▶ WHAT YOU ARE ASKED TO DO
Return only what runs from the line containing "How To Bet On Boxing: A Comprehensive Guide" through the last line of the entries below, exactly, omitting pictures.
╭─ RECORDED INFORMATION
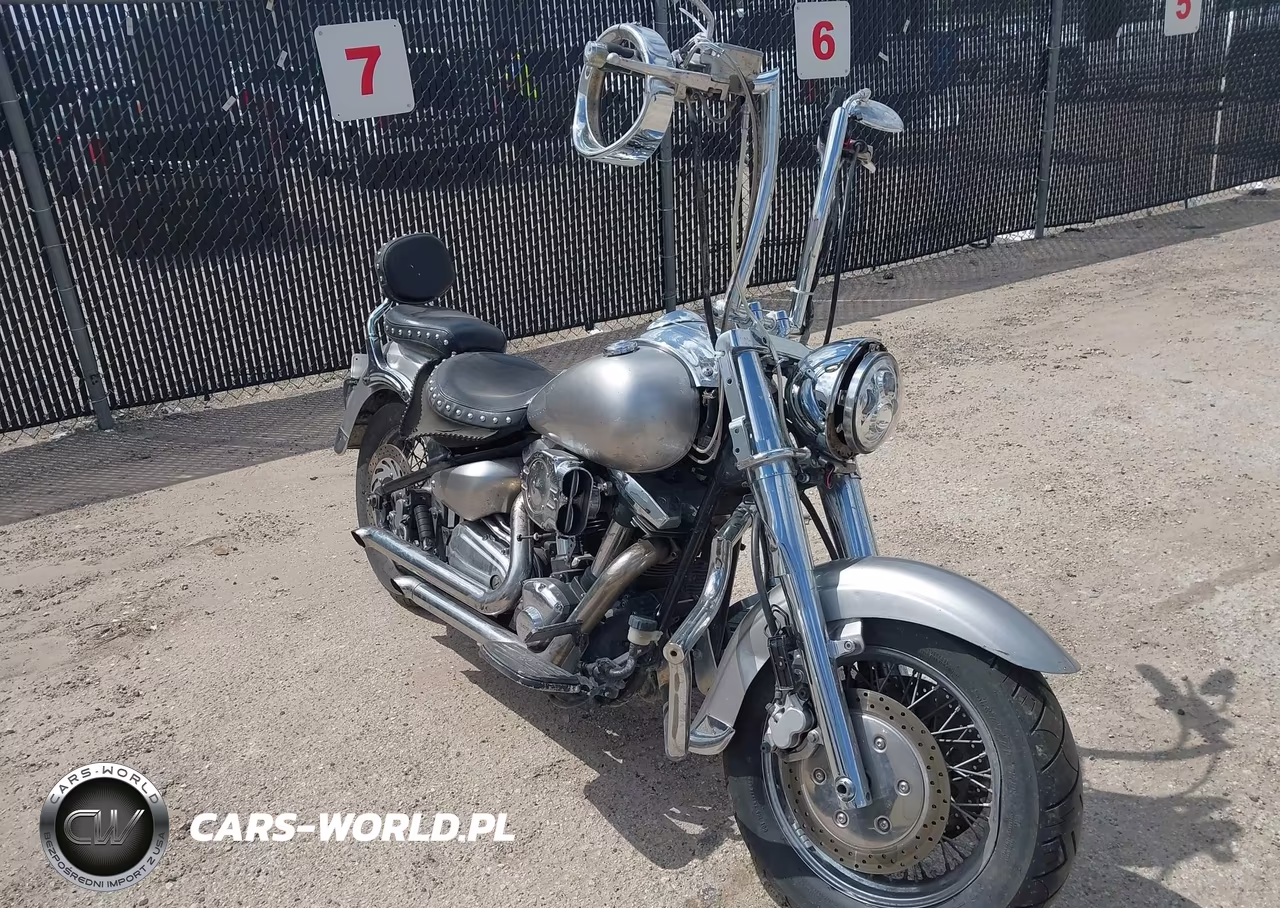 2003 Yamaha Xv1600 At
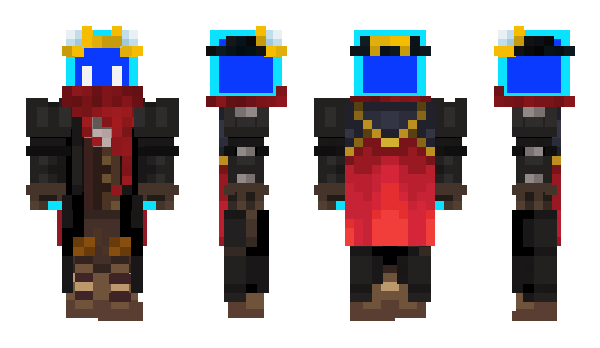 Minecraft скин по нику torrer213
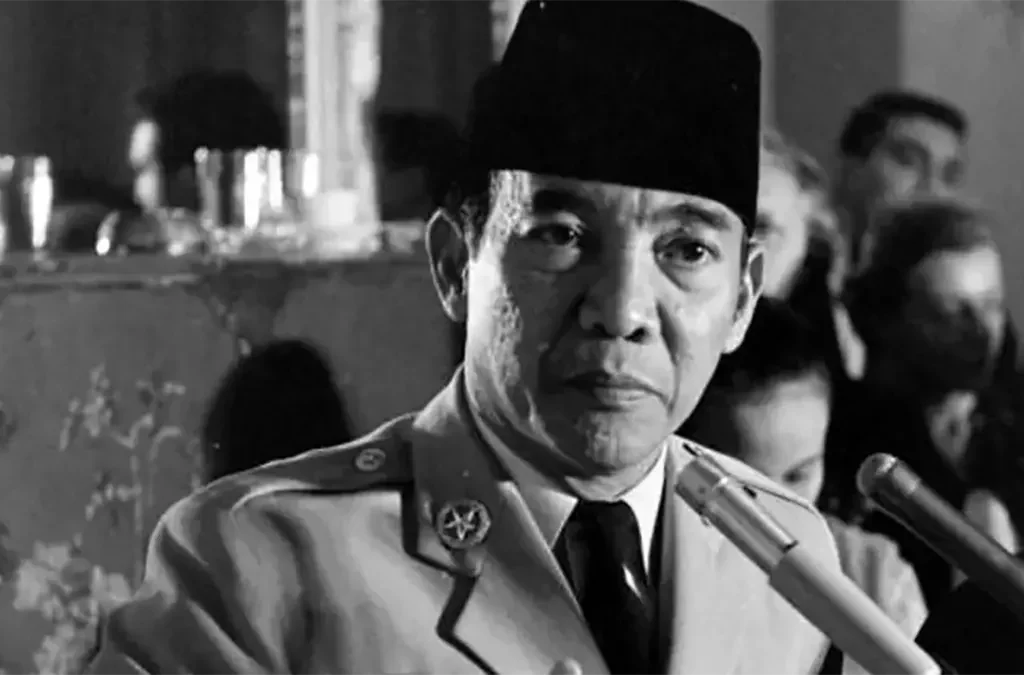 Ketua Partai Nasional Indonesia: Peran dan Pengaruh dalam Sejarah Perjuangan Indonesia (ft/istimewa)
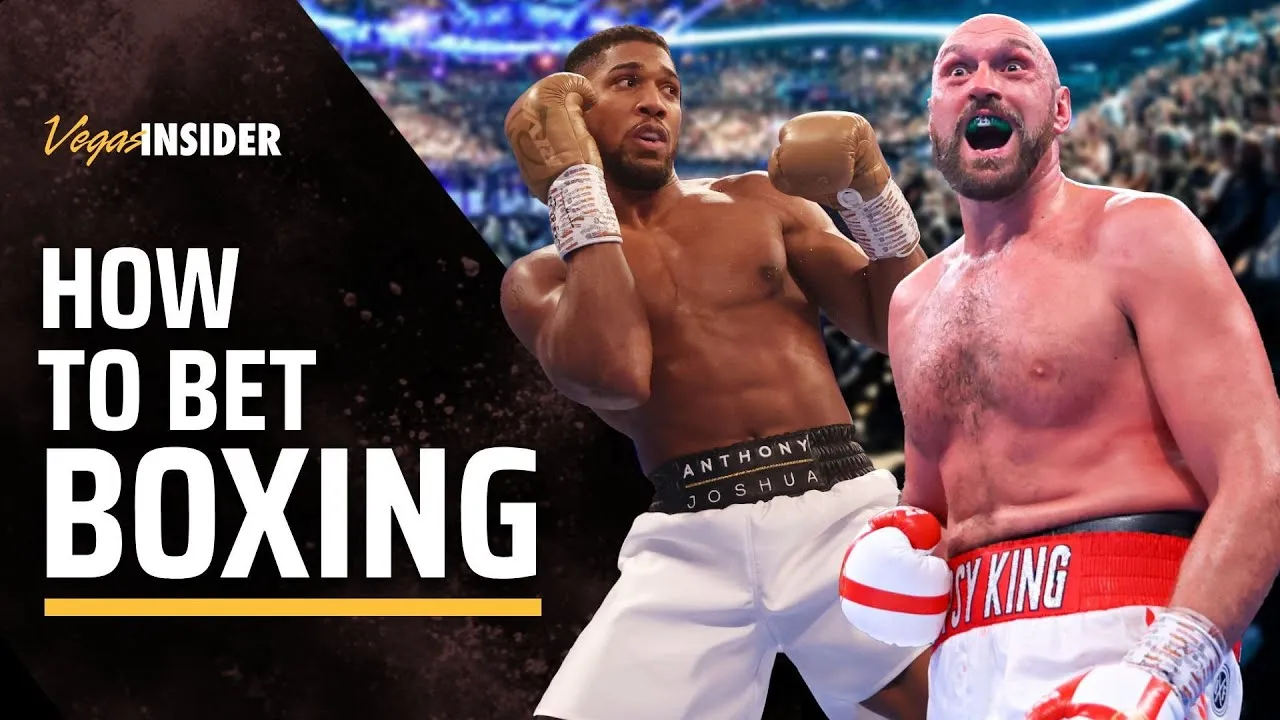 How To Bet On Boxing: A Comprehensive Guide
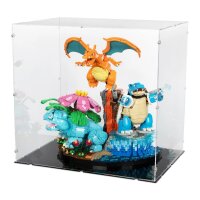 Pr&eacute;sentoir en acrylique pour LEGO&reg; 72153...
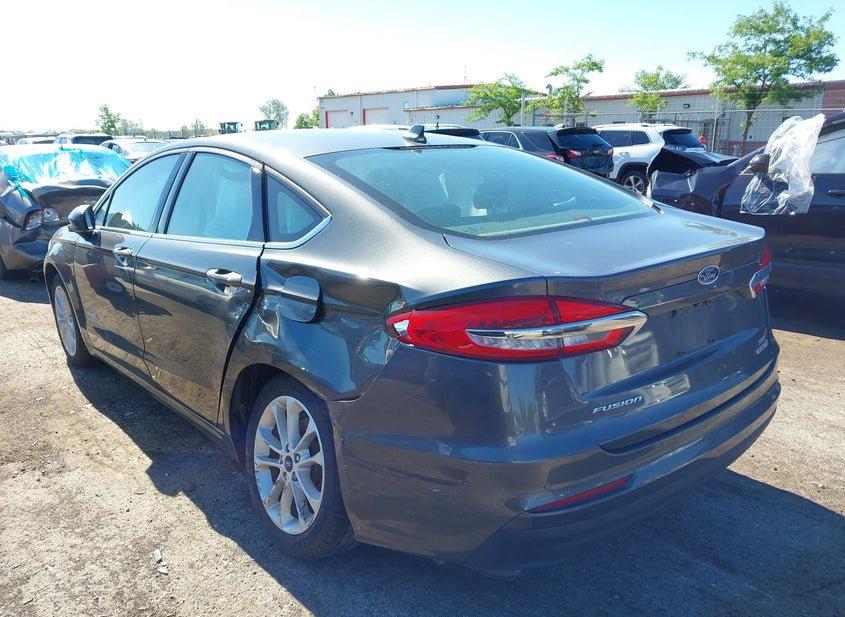 Ford Fusion Hybrid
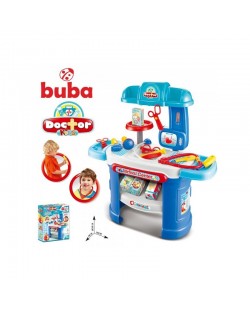Детски лекарски комплект Buba Kids Doctor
╰─
▶ YOUR SOLUTION
 How To Bet On Boxing: A Comprehensive Guide
 Pr&eacute;sentoir en acrylique pour LEGO&reg; 72153...
 Ford Fusion Hybrid
Детски лекарски комплект Buba Kids Doctor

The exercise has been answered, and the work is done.